Podsumowując, z losem się nie wygra, ale czy to systemy, czy odpowiednia technika minimalizują ryzyko nieprzyjemnej przygody :)

Ja bym jednak Hondy do Koenigsegga nie porównywał, są inne równie egzotyczne motocykle :D

Studi, nie wiem jak rozwiązany jest system C-ABS, ale priorytetowym zadaniem układu hamulcowego przy samochodzie, czy to z ABS czy ABS + ESP, jest możliwość hamowania mimo utraty któregokolwiek z systemówi. Systemy nie mogą wpływać na pracę układu hamulcowego w razie awarii. Wszystko ma być niezależne, tak samo jak w przypadku utraty wspomagania w układzie kierowniczym, kierowalność pojazdu ma zostać zachowana. Jeśli z którymkolwiek systemem jest jakiś problem, zostaje on wyłączony informując kierowcę poprzez komunikat na desce rozdzielczej, żeby nie było zaskoczenia :P I w tym miejscu wracamy do punktu wyjścia, żeby umieć jeździć, kiedy system nie działa :D W zasadzie Simin wszystko już napisał :)

:
No tak, macie rację.

Weźcie jeszcze pod uwagę, że dajecie tutaj za przykład ABS Suzuki z Bandita czy innej SV, a nie bierzecie pod uwagę, że to są golfy, stąd porównanie Koensiegg do BMW/Hondy bo tam te systemy są najbardziej dopracowane.

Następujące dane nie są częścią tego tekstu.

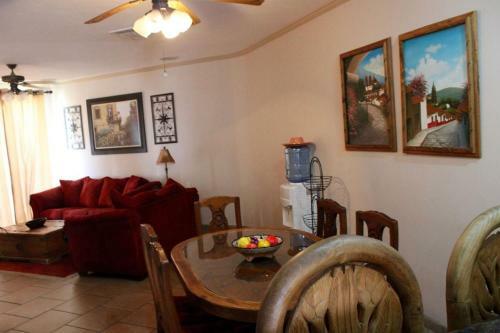 Casa Blanca 2br Cb 205-v By Casago
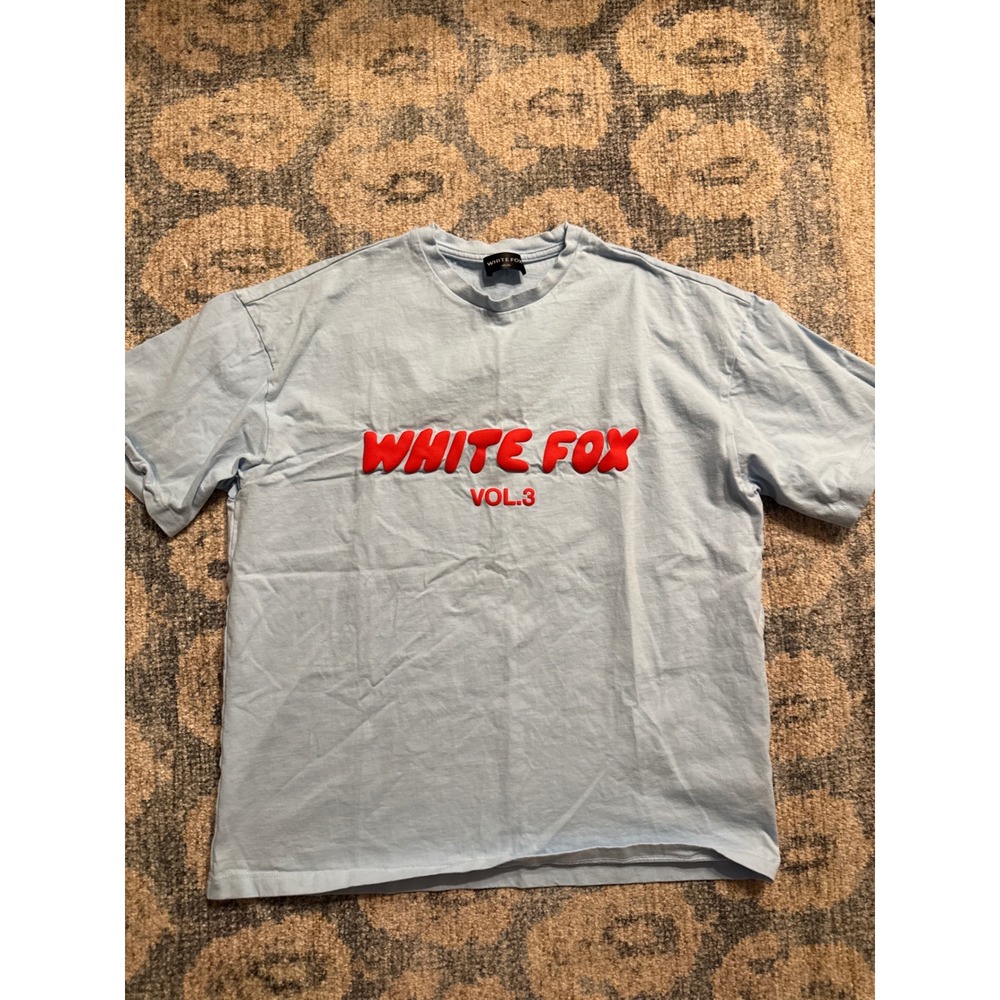 White Fox Boutique T-Shirt Size XS/S Baby Blue Excellent Condition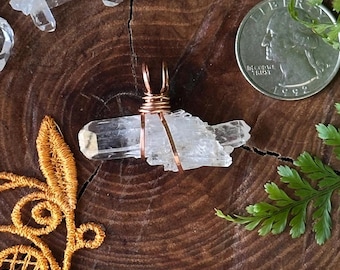 Pendentif unique en cristal de quartz de l'Arkansas dans un fil de cuivre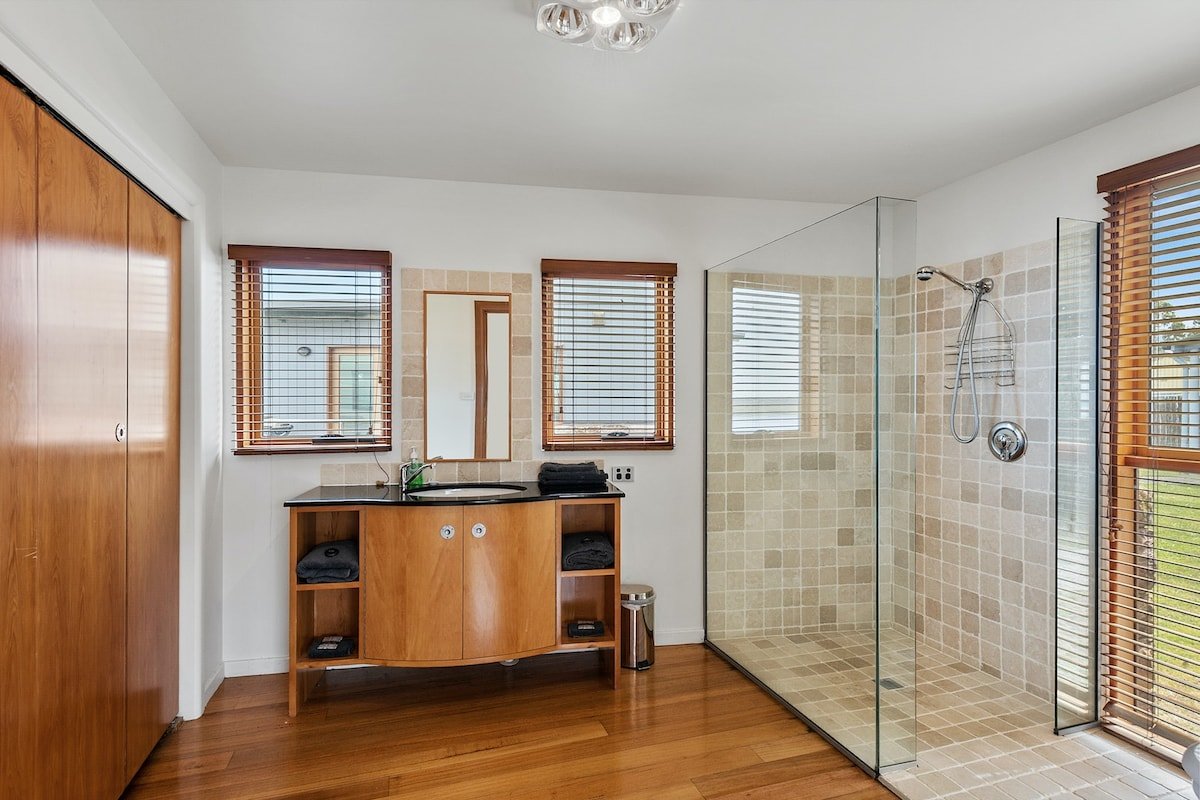 WHEELHOUSE APARTMENT 2 gallery image 4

To co dzisiaj jest montowane do BMW w Suzuki czy Kawasaki będzie może za kilkanaście lat.

Suzuki GS 500 05' -> Yamaha FZS 600 Fazer 02'

Motocykl to nie niedźwiedź. Nie potrzebuje zimowania.
Odpowiedz do tematu
Skocz do:  

Pełna wersja forum
Powered by phpBB © phpBB Group
Design by Vagito.Net | Lo-Fi Mod.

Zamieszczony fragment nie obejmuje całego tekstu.